The next main required object properties are the hits list. Each search hit has got an incremental identifier plus several attributes following the same convention as the those mentioned above for the query sequence.

    "hits": [
        {
            "hit_num": 1,
            "hit_def": "SP:P35858 ALS_HUMAN Insulin-like growth factor-binding protein complex acid labile subunit OS=Homo sapiens OX=9606 GN=IGFALS PE=1 SV=1",
            "hit_db": "SP",
            "hit_id": "ALS_HUMAN",
            "hit_acc": "P35858",
            "hit_desc": "Insulin-like growth factor-binding protein complex acid labile subunit OS=Homo sapiens OX=9606 GN=IGFALS PE=1 SV=1",
            "hit_url": "https://www.uniprot.org/uniprot/P35858",
            "hit_os": "Homo sapiens",
            "hit_xref_url": "https://www.ebi.ac.uk/ebisearch/search.ebi?db=uniprot&query=P35858",
            "hit_dbfetch_url": "https://www.ebi.ac.uk/Tools/dbfetch/dbfetch?style=raw;db=uniprot;id=P35858",
            "hit_uni_de": "Insulin-like growth factor-binding protein complex acid labile subunit",
            "hit_uni_os": "Homo sapiens",
            "hit_uni_ox": "9606",
            "hit_uni_gn": "IGFALS",
            "hit_uni_pe": "1",
            "hit_uni_sv": "1",
            "hit_len": 605,

The main addition to hits is the hits_hsps list, which displays key information for each HSP (High-Scoring Segment - while this notation/organization makes sense for BLAST applications, we use it interchangeably for other tool outputs such as those from FASTA, even if only one "HSP" is observed for each hit). Key information provided for each HSP are scores, such as e-values, bit scores, etc. Other important attributes are sequence "from" and "to" ranges that allow us to (re)construct a parwise alignment between the query and hit sequence. Example:

            "hit_hsps": [
                {
                    "hsp_num": 1,
                    "hsp_score": 3142,
                    "hsp_bit_score": 1214.91,
                    "hsp_expect": 0.0,
                    "hsp_align_len": 605,
                    "hsp_identity": 100.0,
                    "hsp_positive": 100.0,
                    "hsp_gaps": 0,
                    "hsp_query_frame": "0",
                    "hsp_hit_frame": "0",
                    "hsp_strand": "none/none",
                    "hsp_query_from": 1,
                    "hsp_query_to": 605,
                    "hsp_hit_from": 1,
                    "hsp_hit_to": 605,
                    "hsp_qseq": "MALRKGGLALALLLLSWV(...)RDLSEAHFAPC",
                    "hsp_mseq": "MALRKGGLALALLLLSWV(...)RDLSEAHFAPC",
                    "hsp_hseq": "MALRKGGLALALLLLSWV(...)RDLSEAHFAPC"
                }
            ]

Validating an output against the SSS JSON schema

Validation an existing JSON can de done by running the Python module jsonschema.

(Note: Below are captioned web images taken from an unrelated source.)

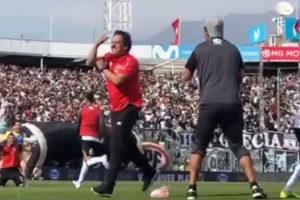 Mario Salas es suspendido por sus polémicos gestos tras el Superclásico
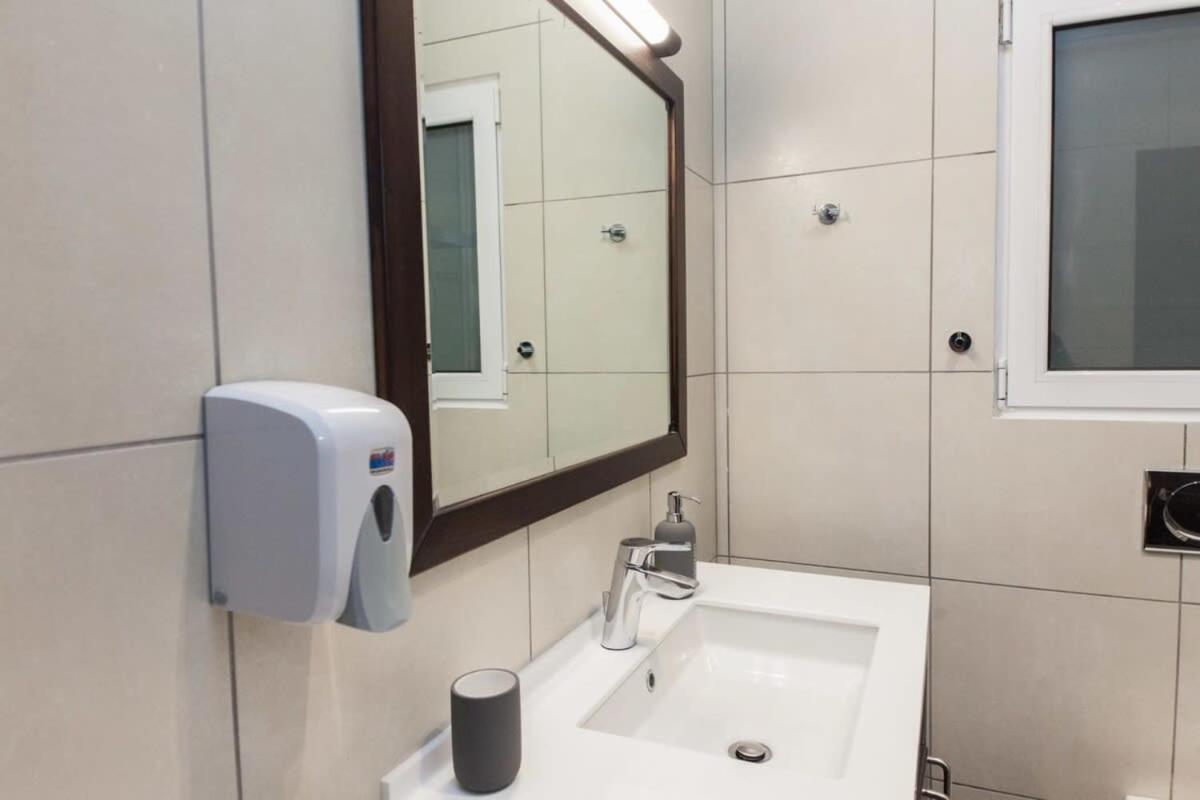 アテネElegant Urban Escape 1 Bd Apt In Kolonakiアパートメント エクステリア 写真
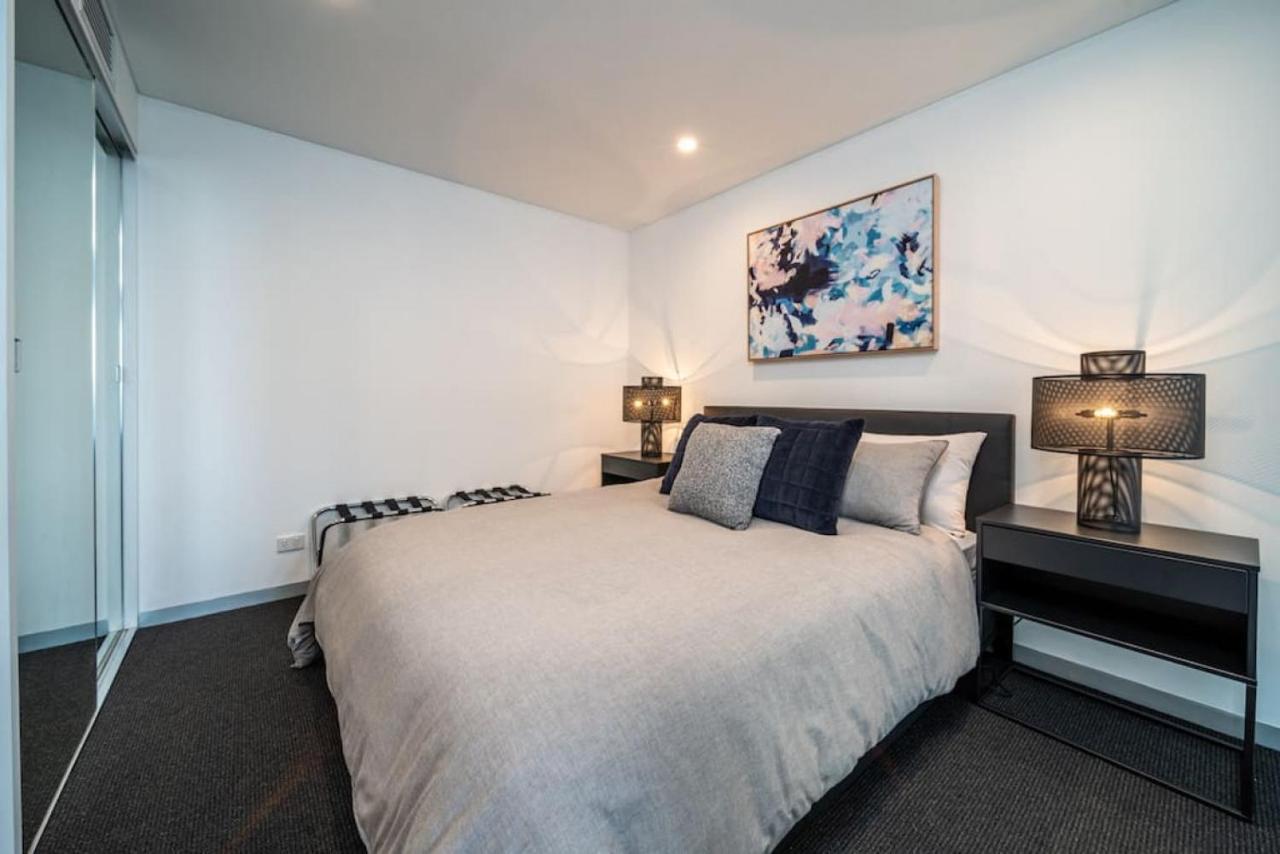 Onyx On North Tce Cbd Penthouse Pool Parking Apartment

jsonschema --validator Draft7Validator -i example_blastp.json sss_schema.json

or alternatively, using the custom Python script provided:

python validate_sss_json_schema.py sss_schema.json example_fasta36.json

License

The European Bioinformatics Institute - EMBL-EBI, is an Intergovernmental Organization which, as part of the European Molecular Biology Laboratory family, focuses on research and services in bioinformatics.

Apache License 2.0. See license for details.